Since then, the two separatist territories’ recognition process has been stuck in neutral. But as the Assad regime has shifted from Russian ally to client, Damascus was on the alert radar for Georgian diplomats. Being in no good terms with the US and courting the Russian president, Syria was a fertile ground for Moscow to seek new recognitions.

And as usual diplomatic practice goes, once the news was confirmed, Georgia immediately cut diplomatic ties with Syria, the international community condemned the decision and expressed support towards the territorial integrity of Georgia. At the domestic level, however, this event took an unexpected turn.
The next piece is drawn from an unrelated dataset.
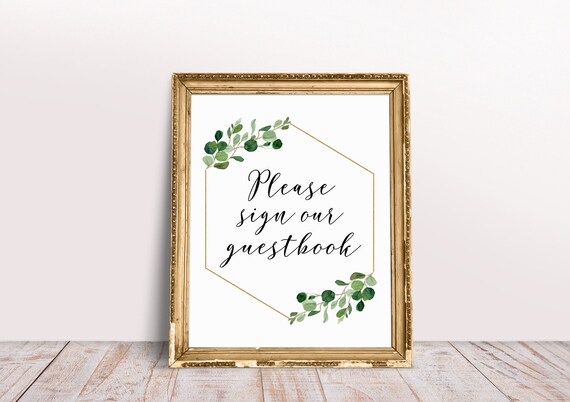 Printable Please Sign Our Guestbook Wedding Reception Gold Etsy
Daur Kove, the de facto Abkhaz foreign minister was first to break the news. “Congratulations to each of us! We could not think of any better present on the 25th anniversary of our victory and independence!” he wrote in a Facebook post on May 29, 2018.

Kove’s Facebook post triggered outcry among Georgians. More than ten thousand Georgians took to Facebook and reacted to the announcement with HAHA emotions, apparently to demonstrate how meaningless the event was. As a result of this rather concerted action, the Abkhaz minister was forced to put an end to his celebration on social media.

This was not the only time the HAHA emotion was “weaponized” by Georgian Facebook users. Shortly after the Kove attack, the HAHA campaign later targeted the photo of the Abkhaz president, Raul Khajimba, attending the World Cup in Russia together with South Ossetia’s de facto President, Anatoly Bibilov. As was the case with Kove’s post, Khajimba’s photo from the game with Vladimir Putin also disappeared from Facebook, as soon as he realized that thousands of users bombed the photo with the HAHA reaction.

Interestingly, social media has not worked worked well for the Abkhaz. In 2017, Abkhaz news agency Apsnypress released information, claiming that the head of Sukhumi administration had signed a memorandum with a city in Italy. However, the de facto Abkhaz foreign ministry decided to leave the name of the Italian city undisclosed, citing that Georgia had previously obstructed Sukhumi’s deals with foreign towns. It did not take long for Georgian users to identify the Mayor of Santa Maria Del Cedro, Ugo Vetere, since Sukhumi did not disclose the name but had published the picture of the visit. Georgian users were quick to remind Vetere that “Abkhazia and South Ossetia is Georgia” and the Georgian Ambassador to Italy announced shortly afterwards that the memorandum would be annulled.

It seems to be obvious that after a decade of limited recognition, Abkhazia still hopes to eventually join the club of recognized nations. On the other hand, Sukhumi’s engagement with external audiences does not only cause the counter-reaction among the Georgian authorities but it also prompts certain dynamics at the domestic level. To some extent, it may indicate a need for rethinking Georgia’s foreign policy of non-recognition.